- [DATASET EXCERPT]
__________
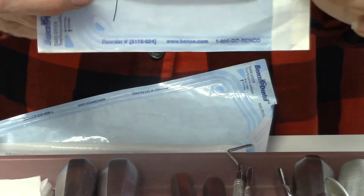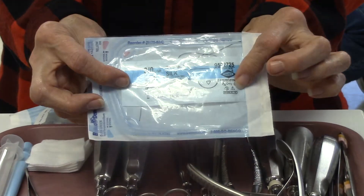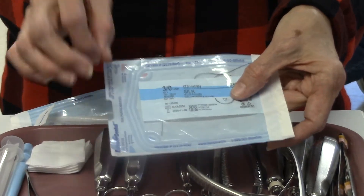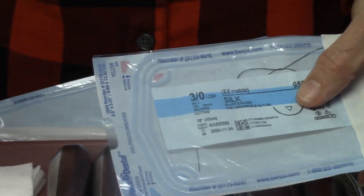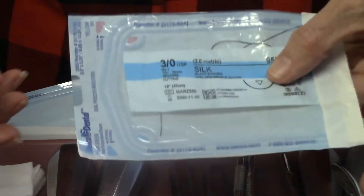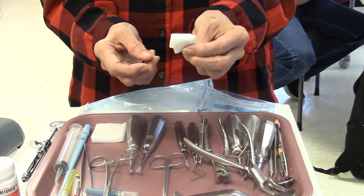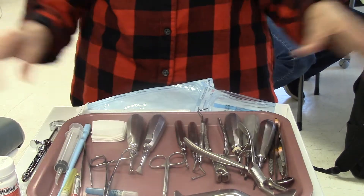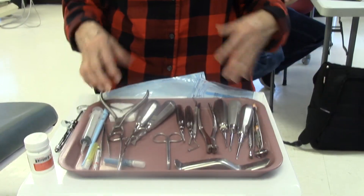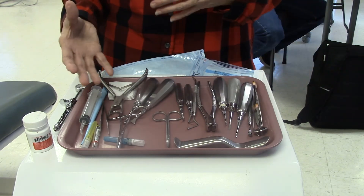And then we have our sutures. These happen to be non-resorbable, but we do have resorbable ones too, which usually come in a gold package. On the end of the suture is the needle, which you hold with the hemostat to pass through the tissue in order to suture it up. We also have our two-by-two gauze, which we fold into a little square for the patient to bite on. So this is a good selection of surgical instruments for a surgical tray — surgical, not basic extraction.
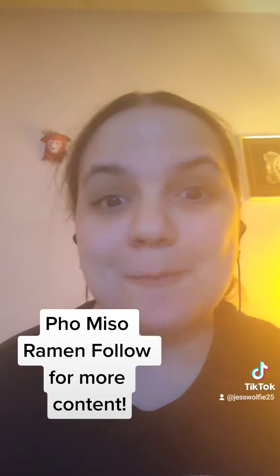Hey, that's what I'm calling it — foam miso soup! If you guys enjoyed this, there'll be more content. I'll see you next video. Bye! Don't forget to follow — always hit the follow button so you'll never miss a TikTok. Bye!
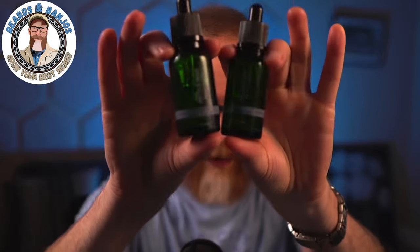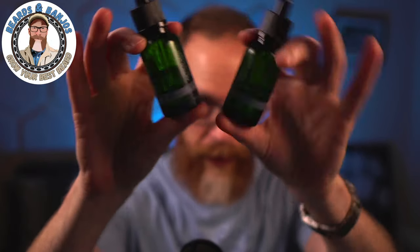Lately, especially in the summertime, I've been going oil-only. If I'm doing that I like a thicker oil that's going to last a long time. I've got Arty's Man here — both bottles are less than half full — Winter's Chill and the unscented version. I also use their Tea Tree Mint. Those are the ones I use most if I'm going oil-only.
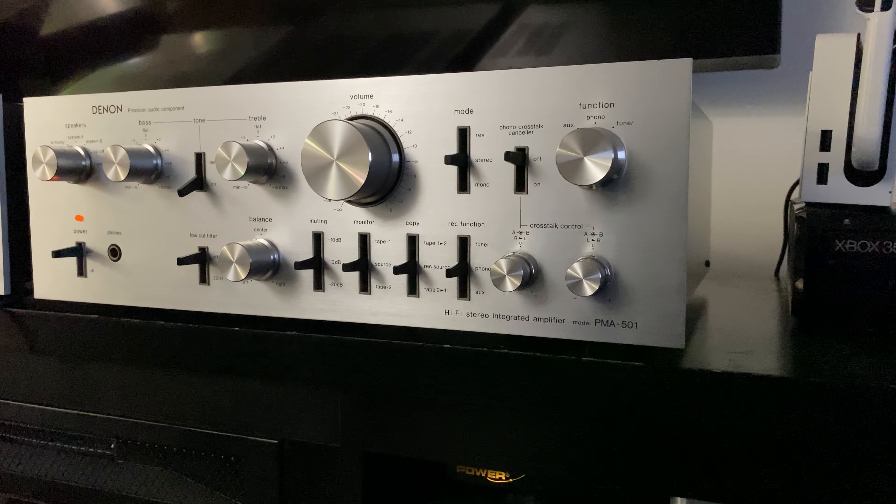Now playing on the right speaker, and now the left one. It's only 50 watts per channel but really nice and warm — underrated, of course.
__________
- [WORK TO BE COMPLETED]
Output, exactly and only: the line containing "Lately, especially in", the last line of the listing above, and every line in between. Leave the pictures out.

- [EXERCISE SOLUTION]
Lately, especially in the summertime, I've been going oil-only. If I'm doing that I like a thicker oil that's going to last a long time. I've got Arty's Man here — both bottles are less than half full — Winter's Chill and the unscented version. I also use their Tea Tree Mint. Those are the ones I use most if I'm going oil-only.
Now playing on the right speaker, and now the left one. It's only 50 watts per channel but really nice and warm — underrated, of course.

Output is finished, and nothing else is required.